- **DATASET RECORDS**
● ● ● ● ●

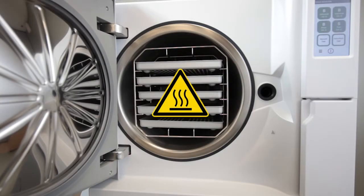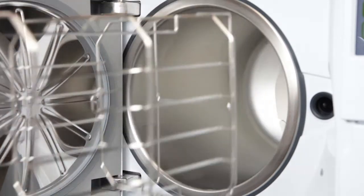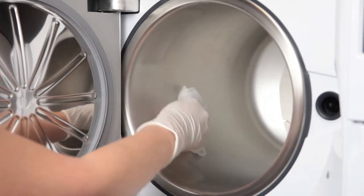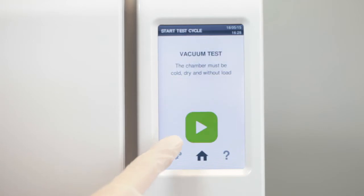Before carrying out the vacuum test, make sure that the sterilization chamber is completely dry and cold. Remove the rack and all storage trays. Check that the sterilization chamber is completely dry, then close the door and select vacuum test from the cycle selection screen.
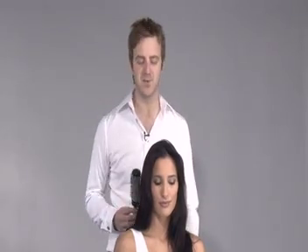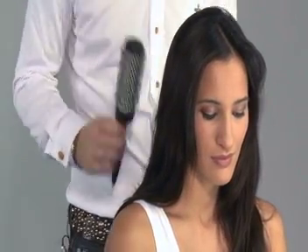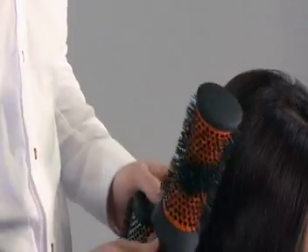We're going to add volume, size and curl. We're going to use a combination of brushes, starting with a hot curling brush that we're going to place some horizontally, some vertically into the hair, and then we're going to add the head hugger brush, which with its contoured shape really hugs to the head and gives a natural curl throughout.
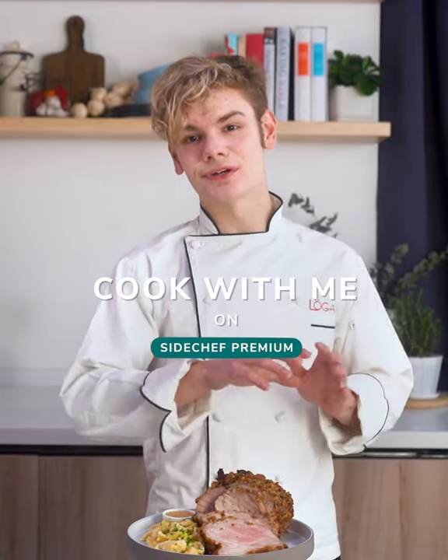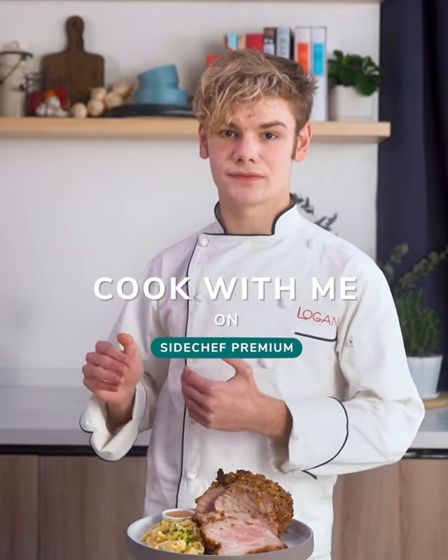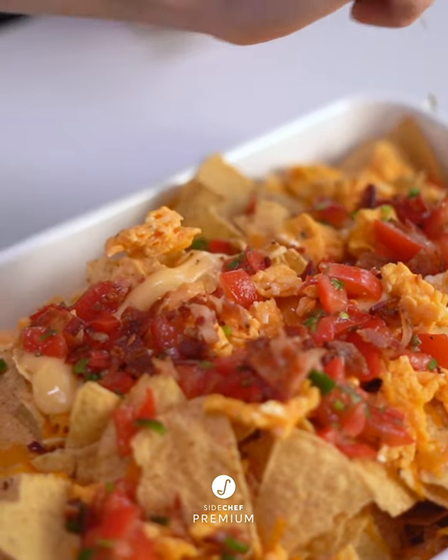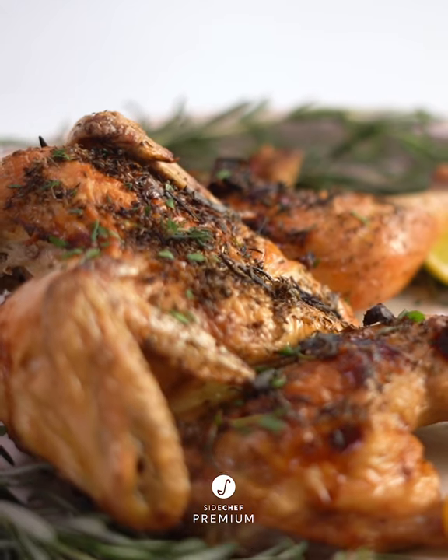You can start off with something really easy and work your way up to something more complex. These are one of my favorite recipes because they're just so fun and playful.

● ● ● ● ●

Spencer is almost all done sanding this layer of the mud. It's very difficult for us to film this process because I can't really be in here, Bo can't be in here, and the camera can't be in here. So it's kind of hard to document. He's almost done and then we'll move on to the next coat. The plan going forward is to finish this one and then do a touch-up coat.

● ● ● ● ●

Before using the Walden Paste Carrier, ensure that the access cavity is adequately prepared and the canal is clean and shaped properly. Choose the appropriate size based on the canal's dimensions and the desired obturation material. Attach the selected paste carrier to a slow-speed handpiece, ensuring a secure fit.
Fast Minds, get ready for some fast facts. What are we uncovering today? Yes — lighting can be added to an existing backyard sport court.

● ● ● ● ●

- **WORK ORDER**
Pictures do not belong in the answer. Return the lines above starting at the one with "Before carrying out" and ending at the one with "You can start", both kept, exactly.

- **SOLUTION TO THE PROBLEM**
Before carrying out the vacuum test, make sure that the sterilization chamber is completely dry and cold. Remove the rack and all storage trays. Check that the sterilization chamber is completely dry, then close the door and select vacuum test from the cycle selection screen.
We're going to add volume, size and curl. We're going to use a combination of brushes, starting with a hot curling brush that we're going to place some horizontally, some vertically into the hair, and then we're going to add the head hugger brush, which with its contoured shape really hugs to the head and gives a natural curl throughout.
You can start off with something really easy and work your way up to something more complex. These are one of my favorite recipes because they're just so fun and playful.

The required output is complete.